Without copying any pictures, restate exactly the lines from the start of the records through the line containing "Sooted Boiler Coil".
────────
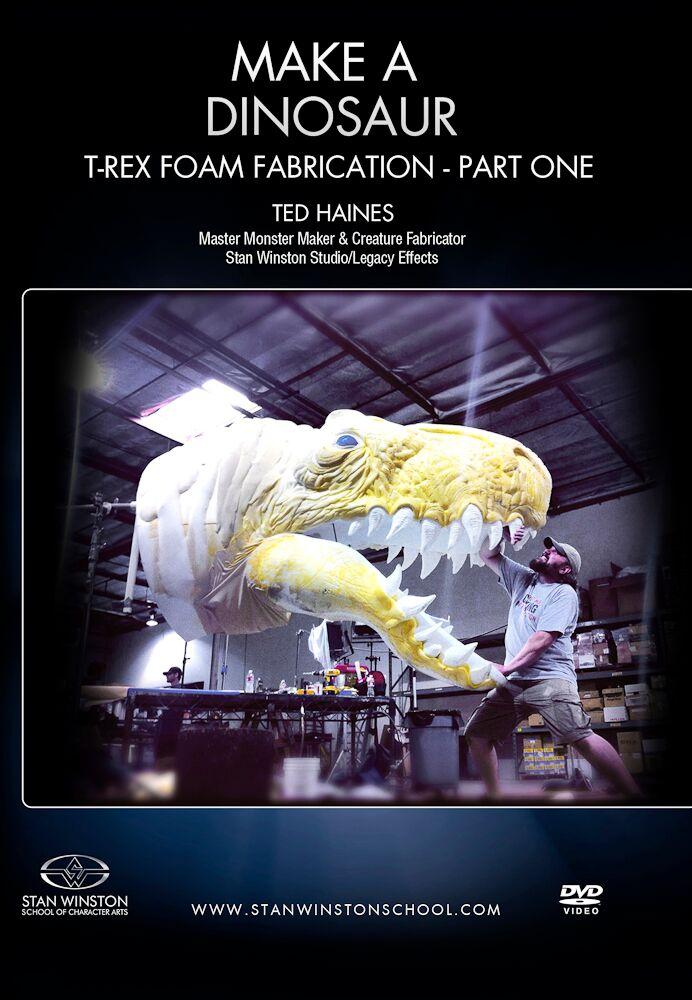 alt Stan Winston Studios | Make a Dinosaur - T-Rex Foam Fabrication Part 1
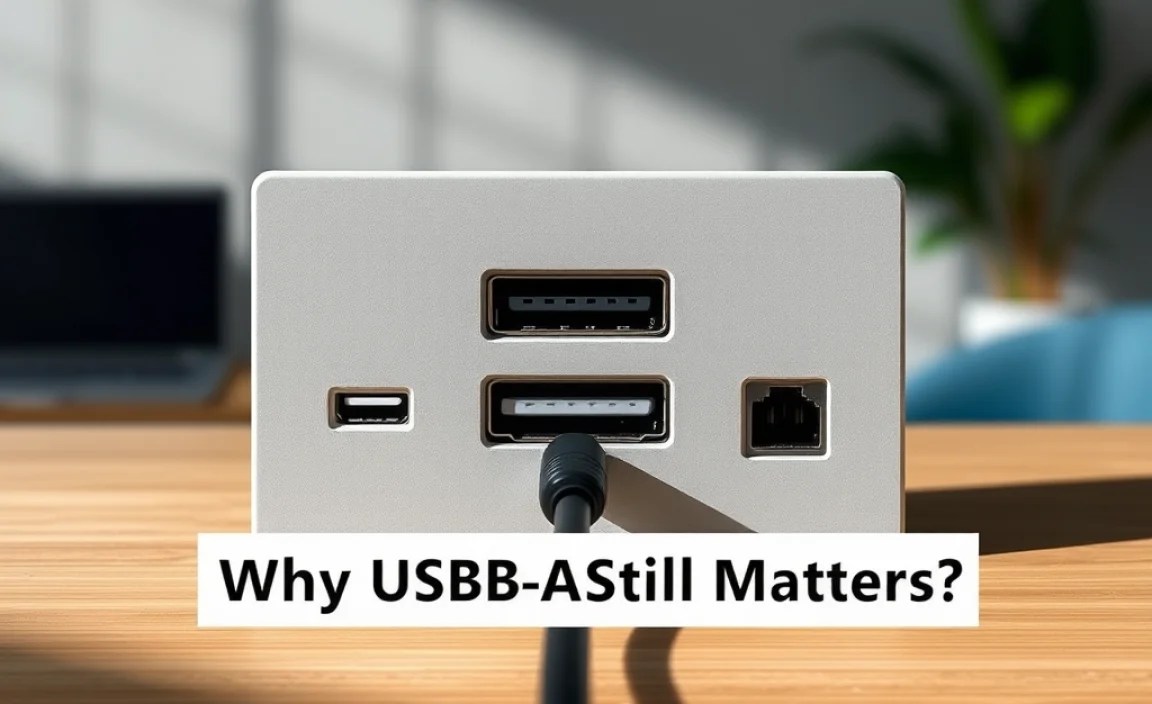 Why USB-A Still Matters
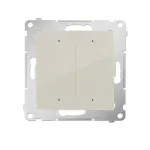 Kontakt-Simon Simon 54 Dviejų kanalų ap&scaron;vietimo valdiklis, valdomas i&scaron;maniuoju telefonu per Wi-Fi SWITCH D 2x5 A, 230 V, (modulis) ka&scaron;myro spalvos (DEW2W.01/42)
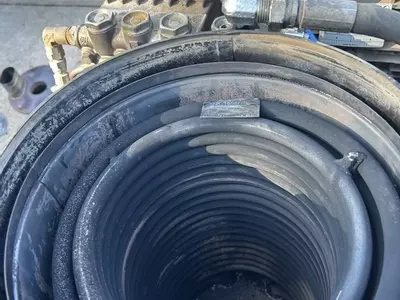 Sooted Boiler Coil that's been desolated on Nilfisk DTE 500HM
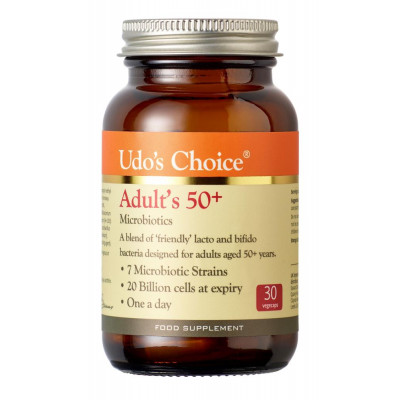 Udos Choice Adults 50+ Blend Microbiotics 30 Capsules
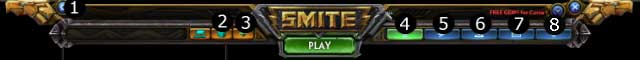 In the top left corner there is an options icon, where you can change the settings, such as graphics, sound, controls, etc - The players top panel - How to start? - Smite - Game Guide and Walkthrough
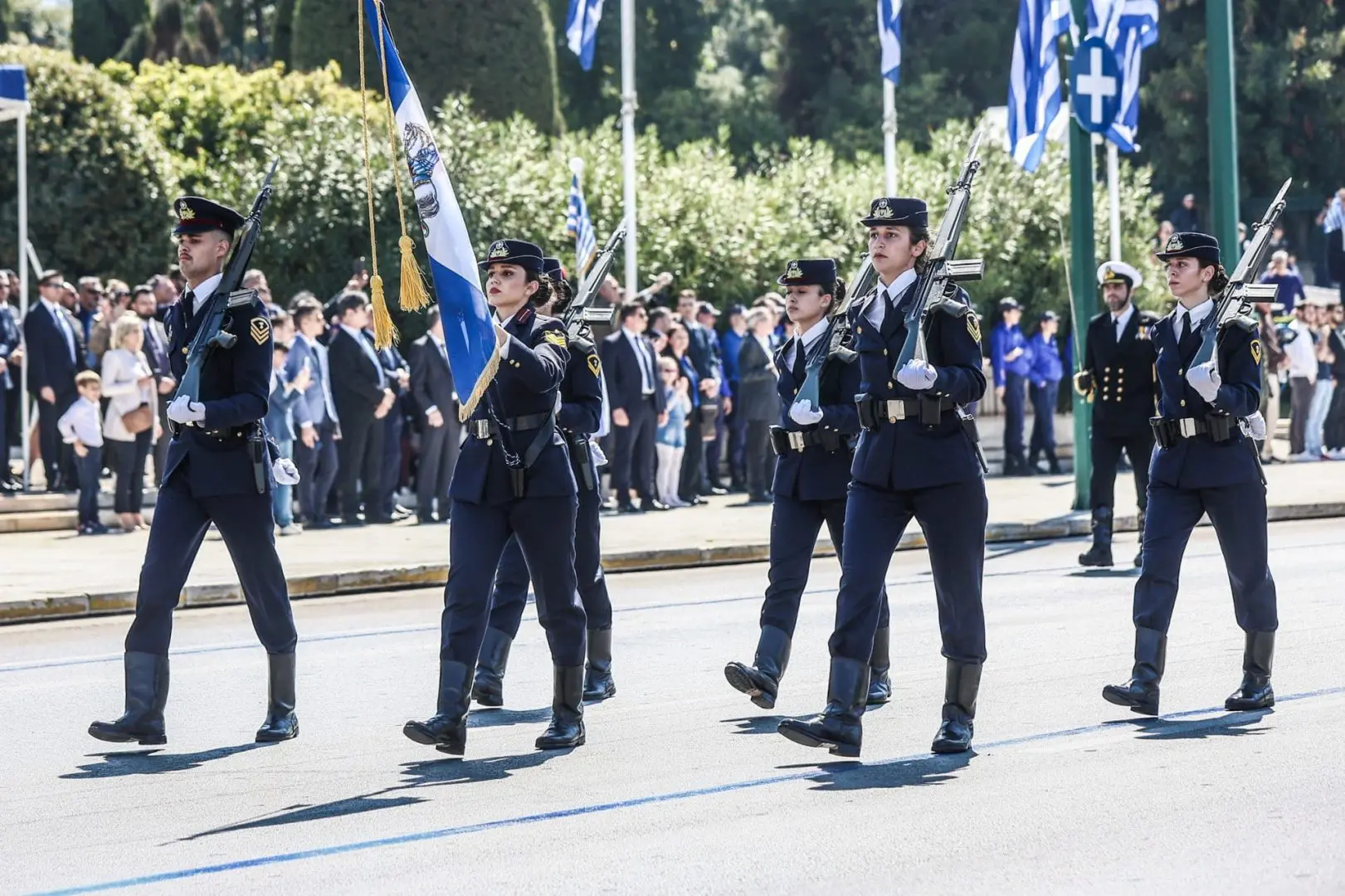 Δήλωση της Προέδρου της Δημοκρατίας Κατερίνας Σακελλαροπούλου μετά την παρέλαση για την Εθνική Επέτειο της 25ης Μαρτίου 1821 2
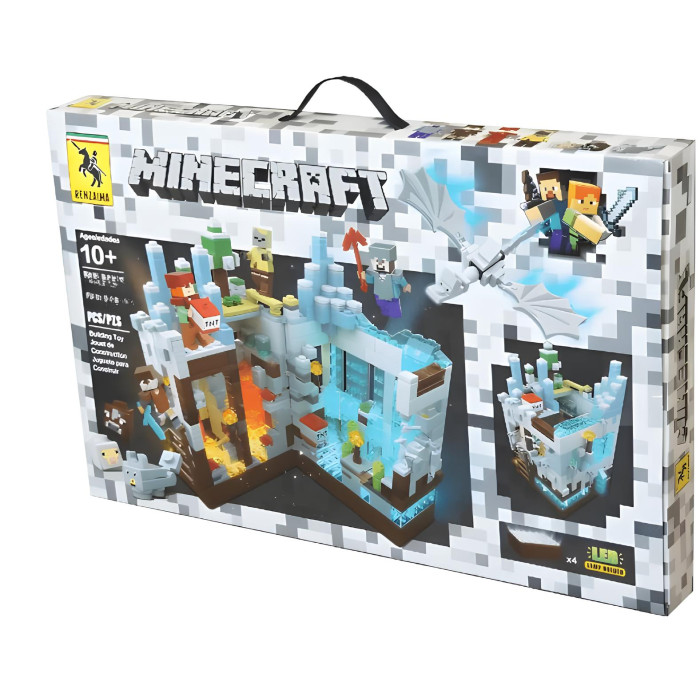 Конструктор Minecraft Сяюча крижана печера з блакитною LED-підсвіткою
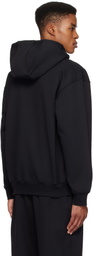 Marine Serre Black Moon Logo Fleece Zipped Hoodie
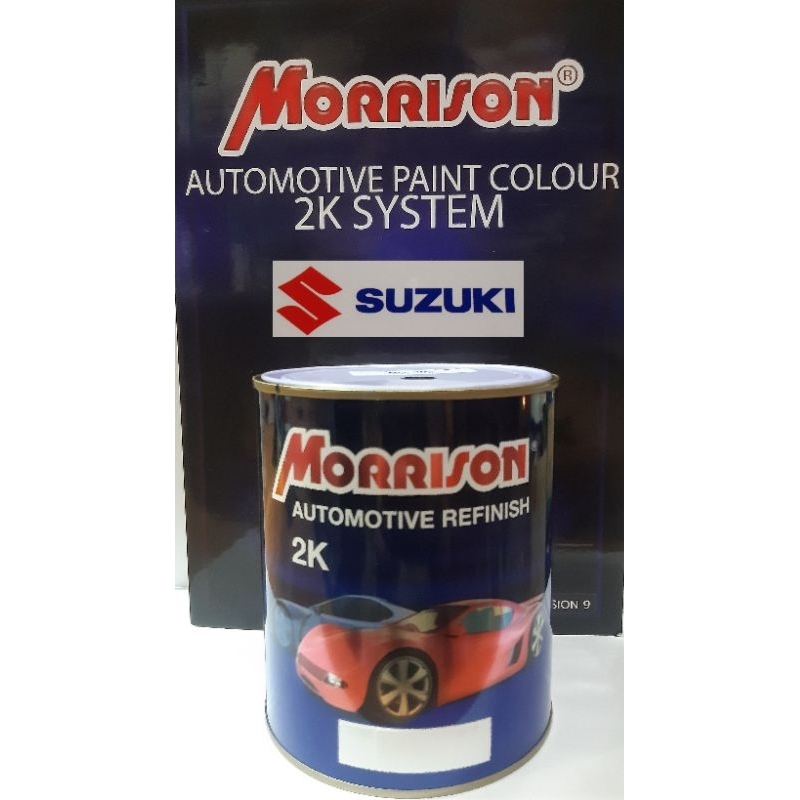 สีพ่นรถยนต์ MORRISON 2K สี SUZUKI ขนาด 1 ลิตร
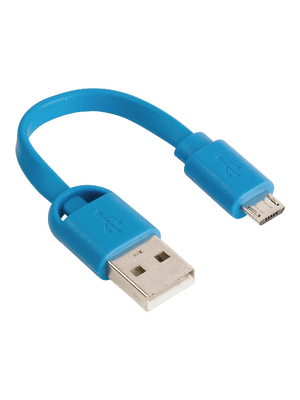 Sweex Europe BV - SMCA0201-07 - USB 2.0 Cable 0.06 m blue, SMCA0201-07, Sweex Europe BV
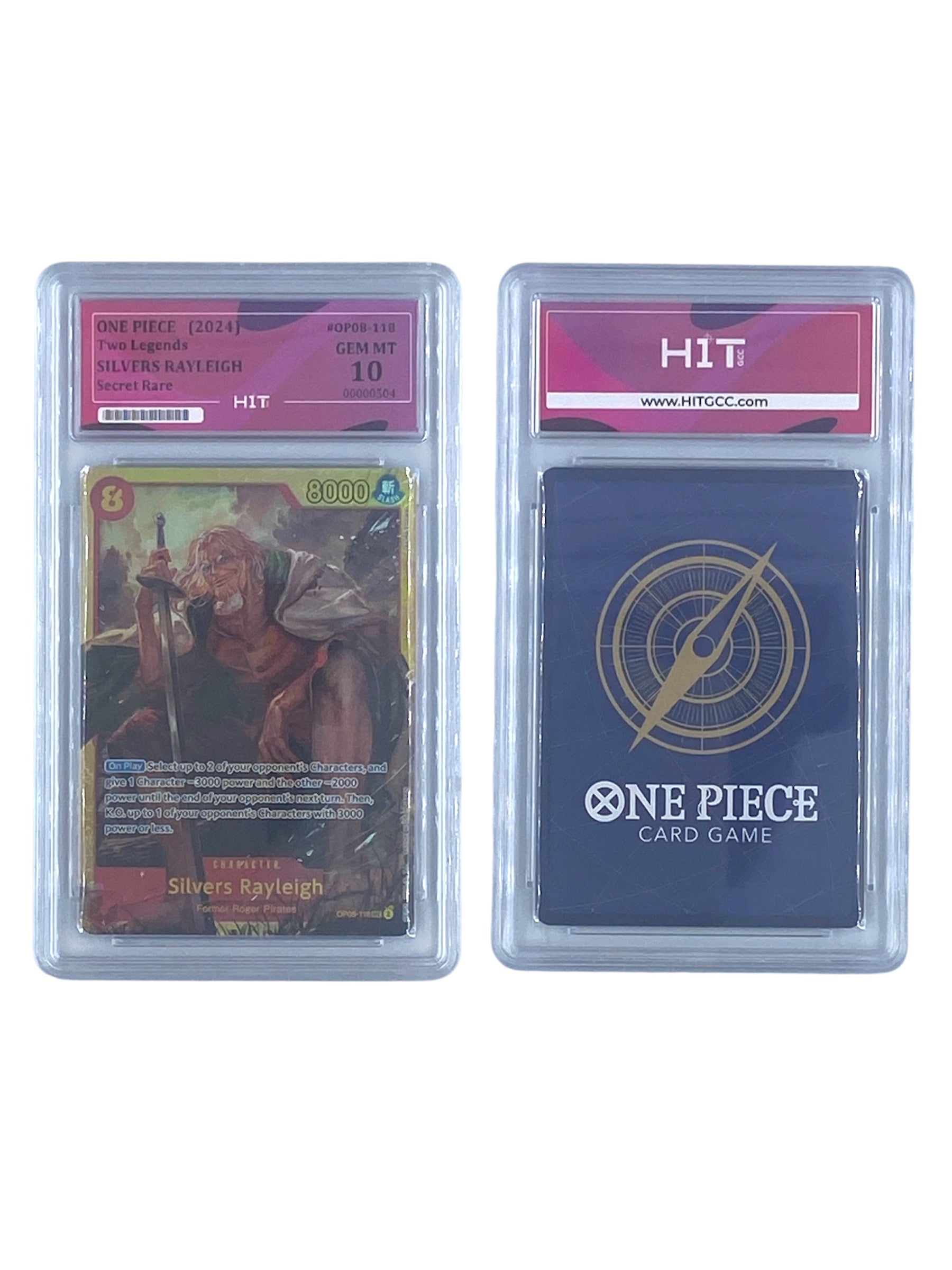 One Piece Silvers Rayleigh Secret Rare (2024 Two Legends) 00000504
────────
• _REPLY TO THE EXERCISE_
 alt Stan Winston Studios | Make a Dinosaur - T-Rex Foam Fabrication Part 1
 Why USB-A Still Matters
 Kontakt-Simon Simon 54 Dviejų kanalų ap&scaron;vietimo valdiklis, valdomas i&scaron;maniuoju telefonu per Wi-Fi SWITCH D 2x5 A, 230 V, (modulis) ka&scaron;myro spalvos (DEW2W.01/42)
 Sooted Boiler Coil that's been desolated on Nilfisk DTE 500HM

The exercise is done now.